12.10.2009

Christmas Thoughts from Irma Bombeck

Here are some thoughts from Irma Bombeck. If you are not familiar with her work, she was a satirist and blue collar philosopher who published many books and brought many significant issues to the masses in America. She writes these thoughts in the empty nest season of her life and strangely I find them poignant to mile life though I am certainly NOT in an empty nest. Maybe they will be poignant to you too.


In her book, "If Life is a bowl of Cherries, Why Am I Always in the Pits?", Bombeck recalled the legend of a church where the chimes rang miraculously whenever someone gave a generous gift.

But the chimes hadn’t rung for a long time, even though kings & potentates had come to give gifts of gold & silver & precious gems. The chimes had not rung for a long, long time.

But one Christmas Eve a little peasant boy came down the aisle & knelt before the altar. As he thought about the Christ-child lying in a manger, he took off his tattered coat & laid it on the altar. When he did, the chimes rang loud & joyously.

Erma Bombeck wrote, "I’ve heard the chimes ring, too. I remember a Christmas when one of my sons brought me a piece of tattered construction paper on which he had tried to draw a picture of praying hands, & underneath the picture he had written, ’O Come, Holy Spit.’"

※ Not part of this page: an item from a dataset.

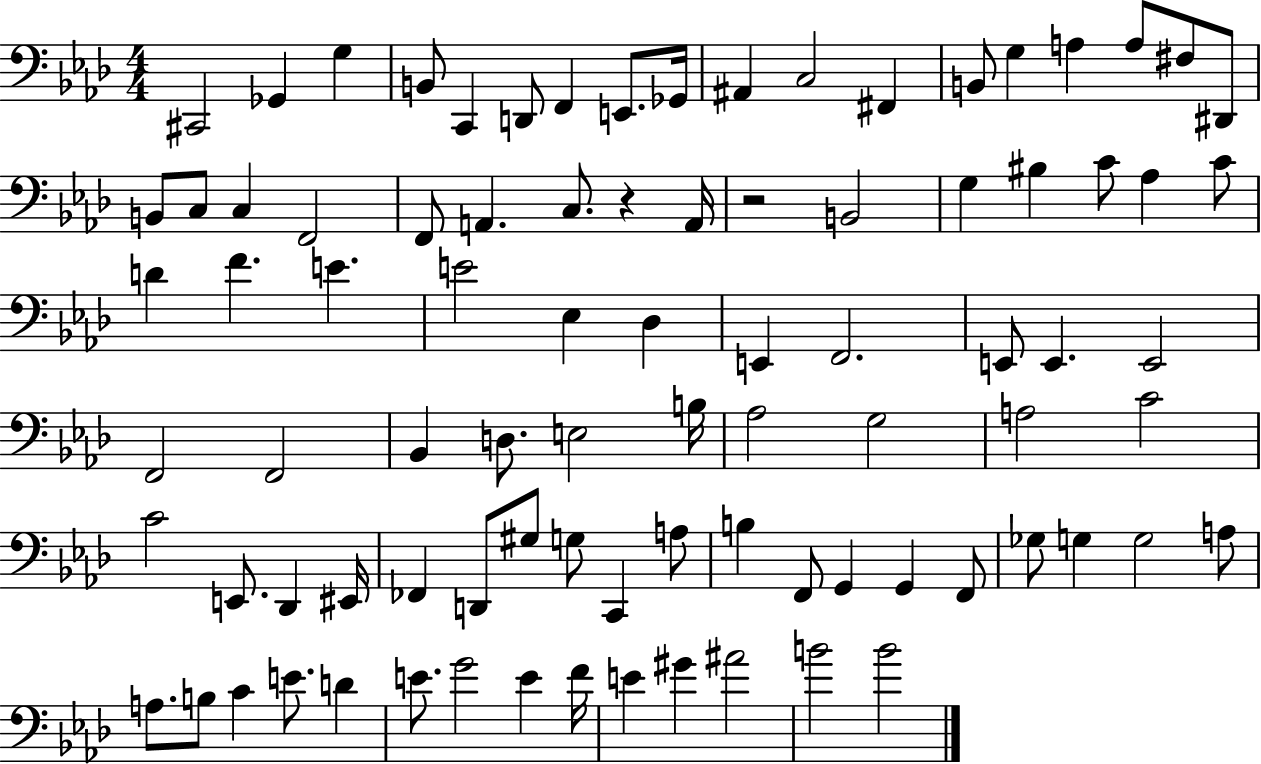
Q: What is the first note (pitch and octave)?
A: C#2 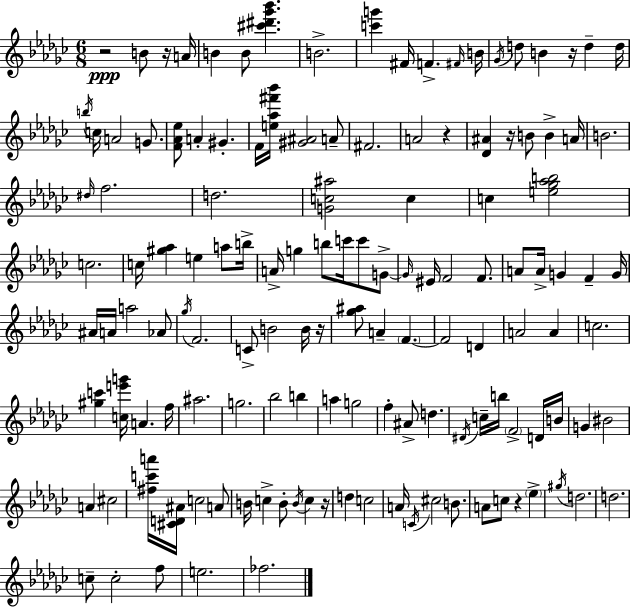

"When I saw that," she said, "I heard the chimes ring & I knew that a very special gift had been given."

"On another Christmas I received a shoebox all clumsily wrapped. When I opened it, I found two baseball cards & a piece of gum. Again I heard the chimes ring."

"And I heard the chimes ring the time when the kids got together & cleaned the garage & gave that as their Christmas present to me."

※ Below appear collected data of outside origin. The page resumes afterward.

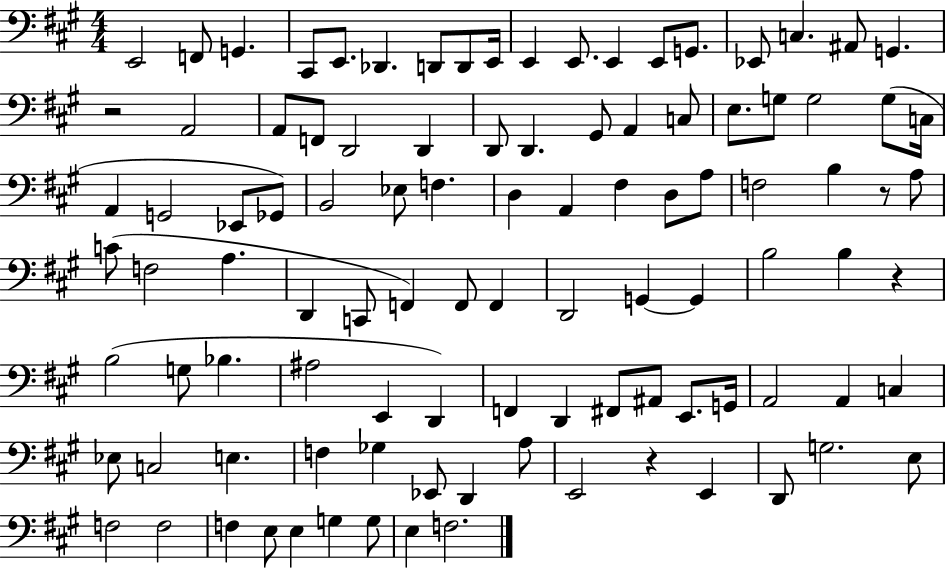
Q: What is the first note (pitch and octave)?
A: E2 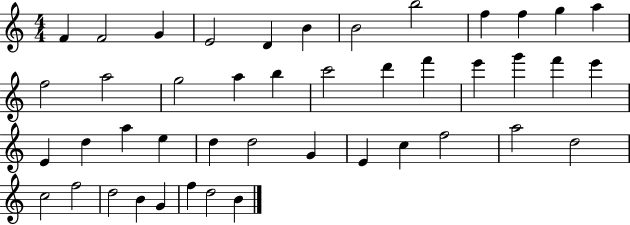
X:1
T:Untitled
M:4/4
L:1/4
K:C
F F2 G E2 D B B2 b2 f f g a f2 a2 g2 a b c'2 d' f' e' g' f' e' E d a e d d2 G E c f2 a2 d2 c2 f2 d2 B G f d2 B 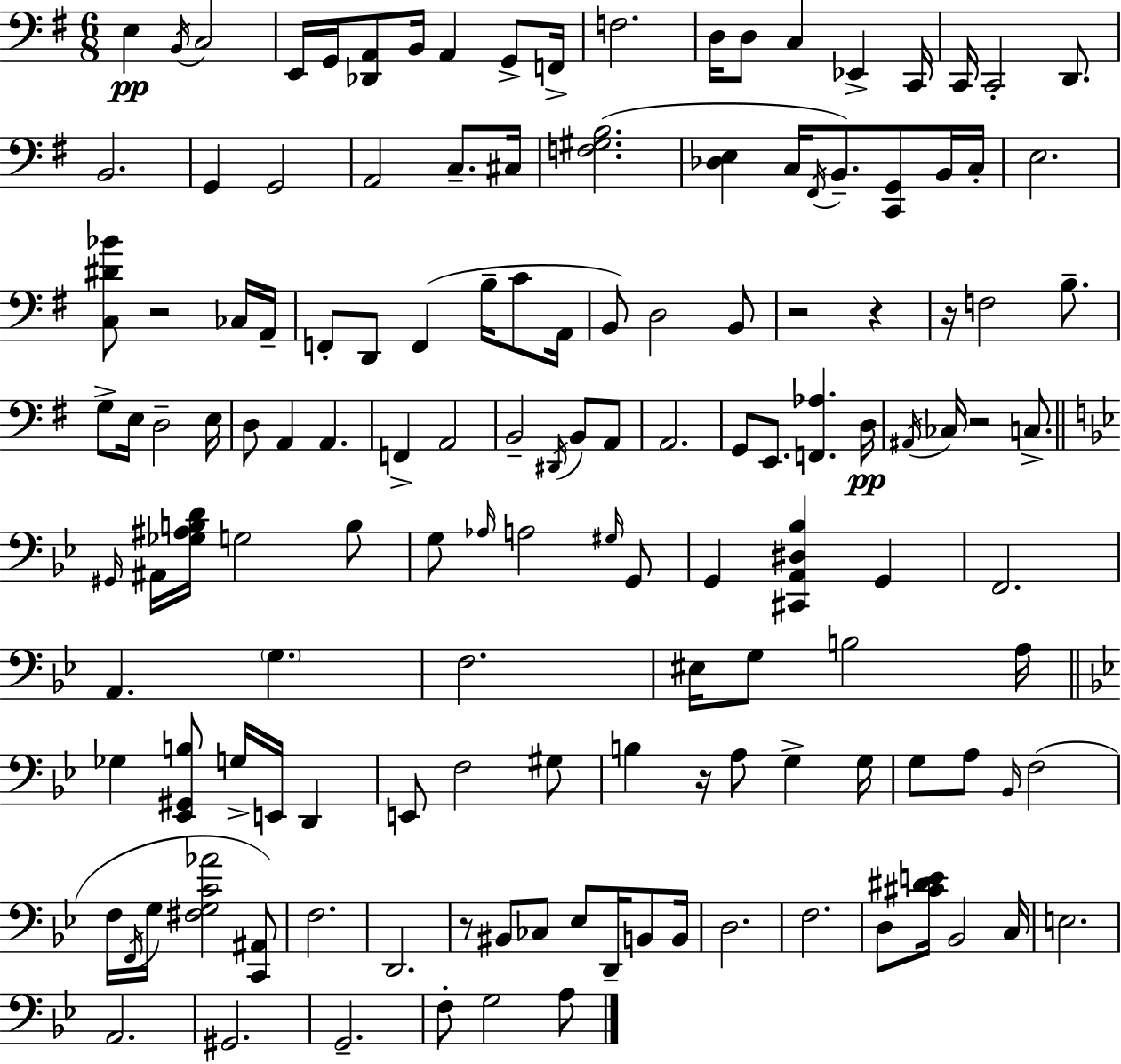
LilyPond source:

{
  \clef bass
  \numericTimeSignature
  \time 6/8
  \key g \major
  e4\pp \acciaccatura { b,16 } c2 | e,16 g,16 <des, a,>8 b,16 a,4 g,8-> | f,16-> f2. | d16 d8 c4 ees,4-> | \break c,16 c,16 c,2-. d,8. | b,2. | g,4 g,2 | a,2 c8.-- | \break cis16 <f gis b>2.( | <des e>4 c16 \acciaccatura { fis,16 }) b,8.-- <c, g,>8 | b,16 c16-. e2. | <c dis' bes'>8 r2 | \break ces16 a,16-- f,8-. d,8 f,4( b16-- c'8 | a,16 b,8) d2 | b,8 r2 r4 | r16 f2 b8.-- | \break g8-> e16 d2-- | e16 d8 a,4 a,4. | f,4-> a,2 | b,2-- \acciaccatura { dis,16 } b,8 | \break a,8 a,2. | g,8 e,8. <f, aes>4. | d16\pp \acciaccatura { ais,16 } ces16 r2 | c8.-> \bar "||" \break \key g \minor \grace { gis,16 } ais,16 <ges ais b d'>16 g2 b8 | g8 \grace { aes16 } a2 | \grace { gis16 } g,8 g,4 <cis, a, dis bes>4 g,4 | f,2. | \break a,4. \parenthesize g4. | f2. | eis16 g8 b2 | a16 \bar "||" \break \key bes \major ges4 <ees, gis, b>8 g16-> e,16 d,4 | e,8 f2 gis8 | b4 r16 a8 g4-> g16 | g8 a8 \grace { bes,16 } f2( | \break f16 \acciaccatura { f,16 } g16 <fis g c' aes'>2 | <c, ais,>8) f2. | d,2. | r8 bis,8 ces8 ees8 d,16-- b,8 | \break b,16 d2. | f2. | d8 <cis' dis' e'>16 bes,2 | c16 e2. | \break a,2. | gis,2. | g,2.-- | f8-. g2 | \break a8 \bar "|."
}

"Those days are long gone," she remembered, "days when we fashioned lace doilies into snow flakes, & pipe cleaners into Christmas trees. When we took empty spools & used them for candleholders. Those days are long gone."

"I remember little feet coming down the stairs with a hand-made gift all wrapped up in $2.00 worth of wrapping paper to put underneath the Christmas tree. Those little feet now wear panty hose & fashion boots."

"Little hands that used to break the piggy bank to get 59 cents to buy a Christmas gift, now hold credit cards that are good in any store in town."

"We’ll have a good Christmas this year," she said. "We’ll eat too much. We’ll mess up the living room & throw the warranties in the fire by mistake. We’ll put bows on the dog’s tail. We’ll take bites out of cookies & put them back in the plate. We’ll listen to Christmas songs, & have a good Christmas."

"But, Lord, what I wouldn’t give to bend over just one more time & receive some toothpicks held together by library paste & to hear the chimes ring - just one more time."

Have the Merriest Christmas season ever. And hey, why not live it out all year long... except for the frantic pace though.

1 comments:

Angela Mills December 10, 2009 at 1:21 PM  

Thanks for sharing this...made me cry!